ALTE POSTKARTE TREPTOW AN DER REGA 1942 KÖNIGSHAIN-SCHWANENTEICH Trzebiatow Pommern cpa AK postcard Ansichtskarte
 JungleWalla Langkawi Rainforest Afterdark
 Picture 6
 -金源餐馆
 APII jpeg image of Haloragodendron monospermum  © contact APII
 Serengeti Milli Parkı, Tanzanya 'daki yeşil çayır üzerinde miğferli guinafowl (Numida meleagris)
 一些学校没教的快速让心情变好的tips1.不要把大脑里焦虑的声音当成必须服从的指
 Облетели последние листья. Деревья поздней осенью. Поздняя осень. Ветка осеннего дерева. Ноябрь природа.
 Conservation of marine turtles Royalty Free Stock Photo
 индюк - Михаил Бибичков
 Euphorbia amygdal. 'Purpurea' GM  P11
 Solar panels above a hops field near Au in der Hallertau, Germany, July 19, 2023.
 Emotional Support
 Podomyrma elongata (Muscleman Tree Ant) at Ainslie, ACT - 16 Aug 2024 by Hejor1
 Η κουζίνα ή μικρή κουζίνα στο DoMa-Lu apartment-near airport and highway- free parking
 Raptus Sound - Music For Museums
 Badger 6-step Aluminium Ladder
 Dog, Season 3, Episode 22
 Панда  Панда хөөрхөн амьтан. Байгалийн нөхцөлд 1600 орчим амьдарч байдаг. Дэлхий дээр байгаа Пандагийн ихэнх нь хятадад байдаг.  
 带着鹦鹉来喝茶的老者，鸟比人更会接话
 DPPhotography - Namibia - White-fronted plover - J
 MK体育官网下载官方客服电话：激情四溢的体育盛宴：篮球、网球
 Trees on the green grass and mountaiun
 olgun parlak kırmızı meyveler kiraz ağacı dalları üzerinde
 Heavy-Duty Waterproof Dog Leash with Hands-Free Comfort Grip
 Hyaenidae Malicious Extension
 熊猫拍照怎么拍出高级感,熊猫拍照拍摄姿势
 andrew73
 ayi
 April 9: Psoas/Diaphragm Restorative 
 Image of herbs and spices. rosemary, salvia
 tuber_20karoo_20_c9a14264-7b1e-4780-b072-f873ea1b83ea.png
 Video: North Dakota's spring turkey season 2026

__WHAT THE TASK ASKS__
Your answer must be the line with "tuber_20karoo_20_c9a14264-7b1e-4780-b072-f873ea1b83ea.png" and all lines after it through the final line of the entries, copied exactly and with nothing added.

__ANSWER SPACE__
 tuber_20karoo_20_c9a14264-7b1e-4780-b072-f873ea1b83ea.png
 Video: North Dakota's spring turkey season 2026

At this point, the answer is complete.